Being a morning person is perhaps the most antithetical thing I can do toward fostering my extroverted needs and personality. Despite that, I treasure my mornings. I’m not writing this to convince you to become a morning person. But I would like to talk a little bit about the solitude and the loneliness of being a morning person.
I do not know many people who are morning people. Conversely, I know many people who condemn, curse, and complain about mornings. And so, you can feel a sense of literal loneliness in not sharing many activities or time together with people, and you have the subjective outsider-loneliness of having picked the popularly condemned path.
Perhaps there’s an enclave of morning people who get out there and share experiences together, but I have yet to find them. At best, I squeeze coffee in with a friend before our mutual workdays begin.
That leaves me with quality time with good ol’ me. But, surprisingly even to myself, I haven’t struggled too much with that. Hobbies have made mornings the well-trod path. Whether it was practicing figure drawings for weeks in a row, or chipping away at long-form fiction, carving out a chunk of the morning to do personal activities has often been what gets me out of bed.
I typically consider this to be stealing time from my job. By the end of the day, I’m usually too wiped to be of much use to myself and whatever creative ambitions I might have cooked up. I like to think of this as my "coin of energy." Each day comes with a certain amount of energy, and I want to think carefully about how I spend it. Being able to do a little of something, regularly toward a larger goal, each morning gives me a sense of autonomy and direction. Before long, I’ll be slogging through meetings, or struggling with code while also answering questions, while filing software tickets. It’s the calm before the storm.

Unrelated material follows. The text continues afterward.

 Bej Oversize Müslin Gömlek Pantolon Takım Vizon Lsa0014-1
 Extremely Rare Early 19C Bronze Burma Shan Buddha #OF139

Once the morning is long forgotten, and it’s 8:45 or 9:00 p.m., I’ll be struggling to keep my eyes open. This is where another kind of loneliness comes in. I can rarely stay up late. I never really could. I do not drink, and I do not take drugs, and so the two popular options for rallying your end-of-day-spirits (ie, spending tomorrow’s coin) are not an option. I am effectively cutting myself off from a good portion of a traditional nightlife.
But, I’m not really one for traditions, and I’ve met some similar folks over the past few years. More than anything, though, I’ve learned to embrace the lovely, precious solitude. I never really marked myself as someone who was “good” at solitude, but mornings have and continue to teach me this.
It’s a loud world outside this little morning of mine. Soon the day and its inhabitants will be climbing over themselves: city workers cutting down trees, leaf blowers and lawnmowers competing, cars sputtering and spewing while inching toward their destination, the voices of many people rising like balloons into a netted ceiling; the shapes of their voices floating around, the ceiling lowering with each moment.
Inside it’s warm, none of this has happened yet. I may write morning pages. I will make oats. It’s quiet. I flick my coin of energy between my knuckles a few times and feed it into the machine.